My mother nonetheless missed her "home" country and went back to Switzerland with me each summer but the "holidays" were strung out on a shoestring, living in Salvation Army hostels.
I look at the calendar picture and smell the snow; snow has no smell but yet it comes with a very particular olfactory sensation ... clear air? It is a potent nostalgia. As was the snow we had here in December last year, it is a sensation of light, of danger, of safety.

I bought the calendar in a department store, wandering around with my daughter, and this is the finest bit of the association: I hated being trailed around Switzerland all summer with my mother and maybe last year my daughter wasn't dead excited either, maybe it was a little dull for her but it was very precious to me, to know that a mother and daughter can do something amicably together.

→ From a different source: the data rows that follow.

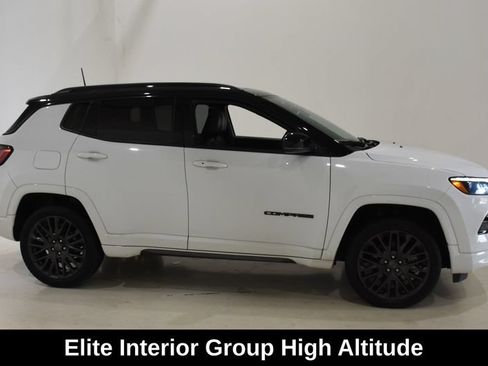 Used 2023 Jeep Compass High Altitude AWD/4WD image 3
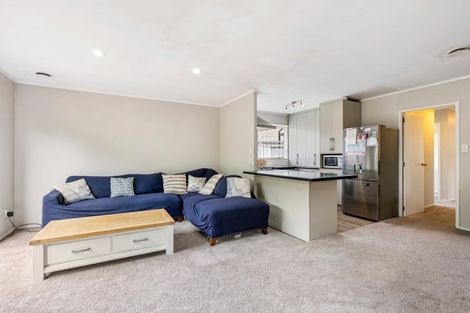 Photo of property in 2/13 De Quincey Terrace, Highland Park, Auckland, 2010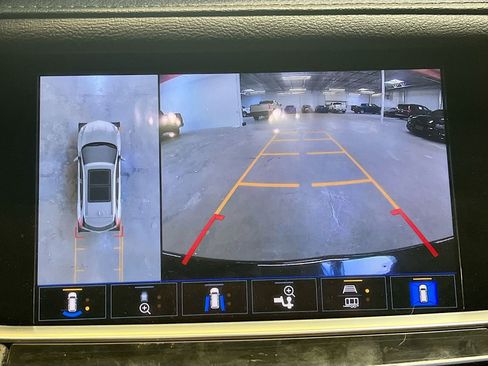 Used 2023 Cadillac XT5 Premium Luxury w/ Technology Package AWD/4WD image 14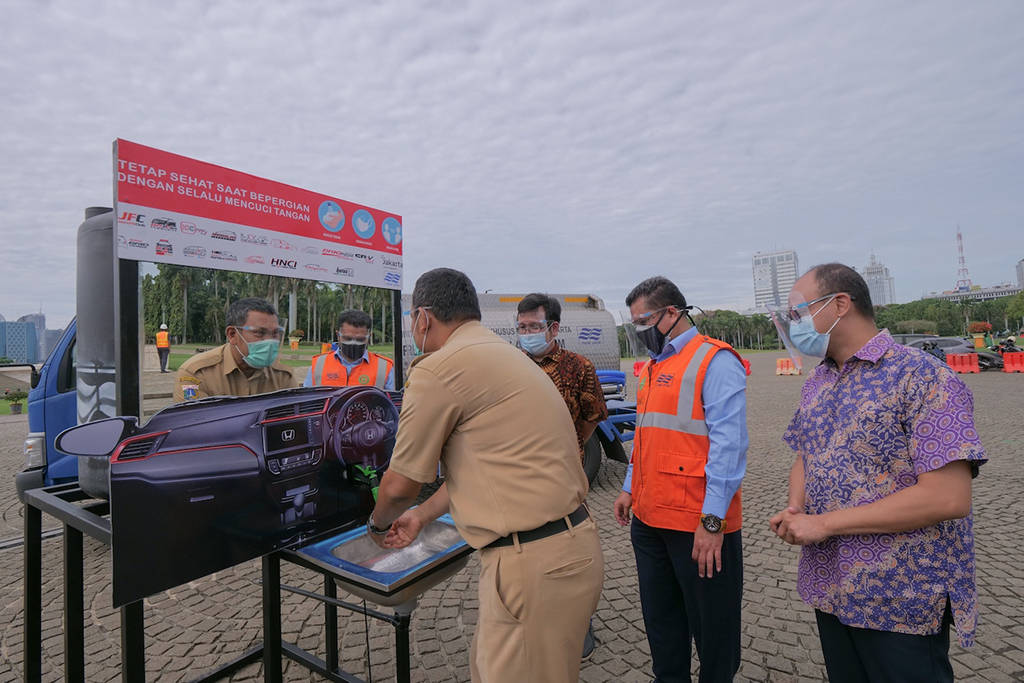 Demi Protokol Kesehatan, Komunitas Honda Sumbang Tempat Cuci Tangan di Monas Demi Protokol Kesehatan, Komunitas Honda Sumbang Tempat Cuci Tangan di Monas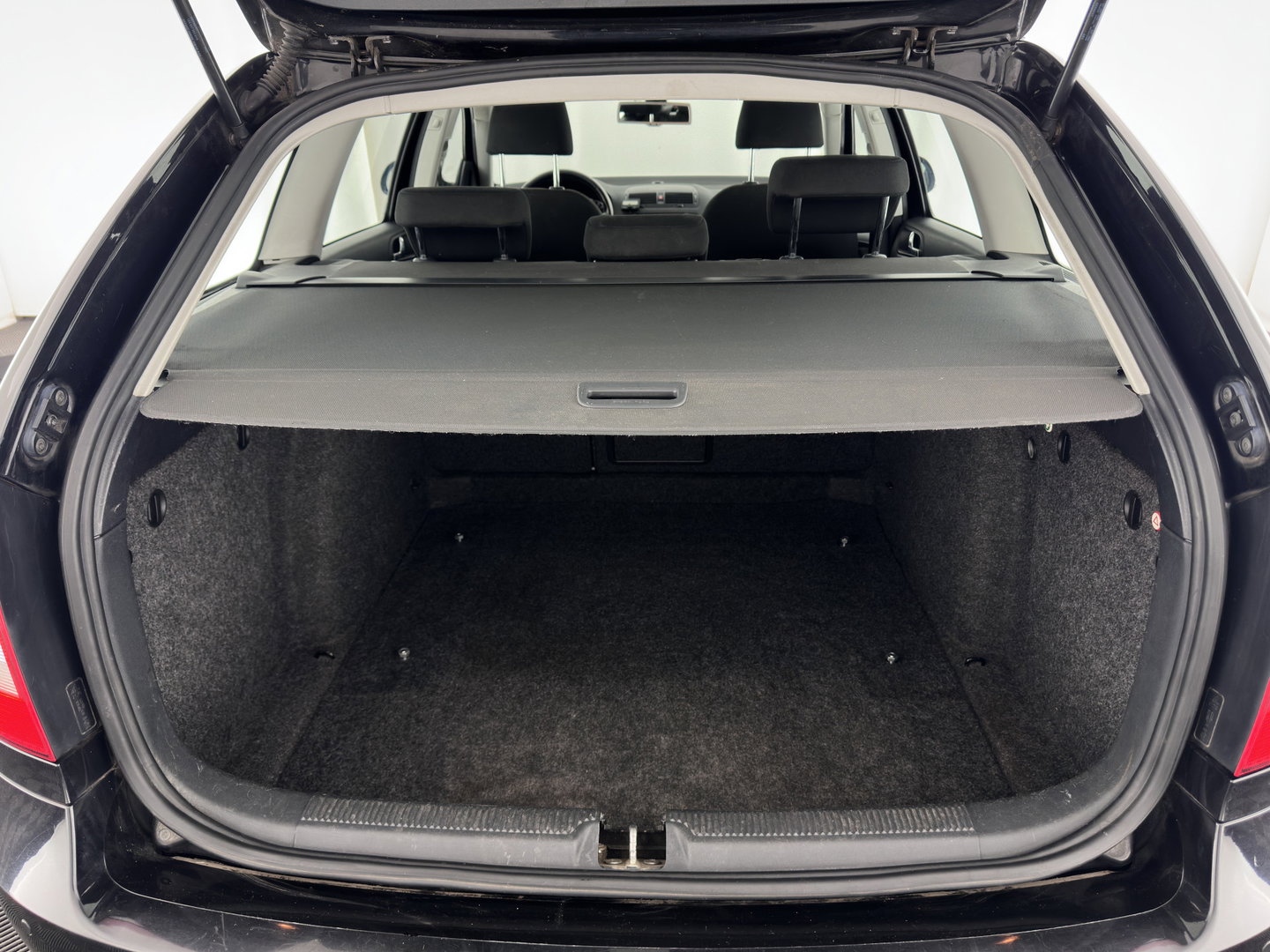 Škoda Octavia Combi 1.6 TDI Ambition Business Line Aut. *NAVI-FULLMAP | AIRCO | CRUISE | AMUNDSEN-AUDIO | PDC | COMFORT-SEATS | TOWBAR | 15''ALU*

I don't understand the skateboarder; he (it looks like a man) intrudes into the picture, both literally, flying into the image, but also metaphorically. His presence tugs the timeless landscape of little houses and churchspire into the twentyfirst century and this is exactly what I don't want; I want to stew in a dream of unsullied memory, to gloss over the reality of even my own real experience of Switzerland and I want to believe in the myth. Here the source of objection to minarets.

Friday 28 January 2011

deepest gloom

Depression has a powerful narcissistic aspect. (No wonder it is the territory of creatives; all artists are egoists.) Its effect is to draw the self into the self: I am so miserable, my misery is greater than anyone else's around me, they cannot understand, my misery is special, my very own personal sump. It's horrible to admit it but there is a perverse pleasure in giving in to this lure of thoughts. They are insidious, compelling, and they drown out generative thought. That is what I fear most: the disappearance of thoughts. The nothingness. It's the most horrible state of mind, and it has an almost physical attribute; because of the inability to escape the sheer internalness of the experience, sanity begins to drift apart and floating in the void of unthinking becomes present reality. The inner vision is more compelling than real surroundings and colours everything with darkness. So lame then to realise that there is nothing special about the experience but that it is common, and January is a bad month for it. Today blue sky has broken through. The extra light is enough to show up how dirty the house has become and has shamed me into hoovering.

Tate ...

Dear Anna
Thank you for calling into Tate in relation to our current vacancies. Please do keep reviewing our website, http://www.tate.co.uk as we regularly update our vacancies and if you do see any position that you are interested in, please do not hesitate to apply to us.
For further help with your job search you could try the Recruitment and Employment Confederation (REC) website on http://www.jobseekers-uk.com , as they hold a list of other recruitment agencies which you may find useful.
Sorry we have been unable to assist you on this occasion, however I would like to thank you for your interest and wish you well with your search for suitable employment. Yours sincerely

Wednesday 26 January 2011

what do I know?

If I know the maiden name of a friend's mother, is this knowledge? Is it something I have learned? Should I have learned this kind of information in school? And if I had, would it have served me as well? What shall I do with the things I know? How do I know that they are as they are? Which knowledge means anything?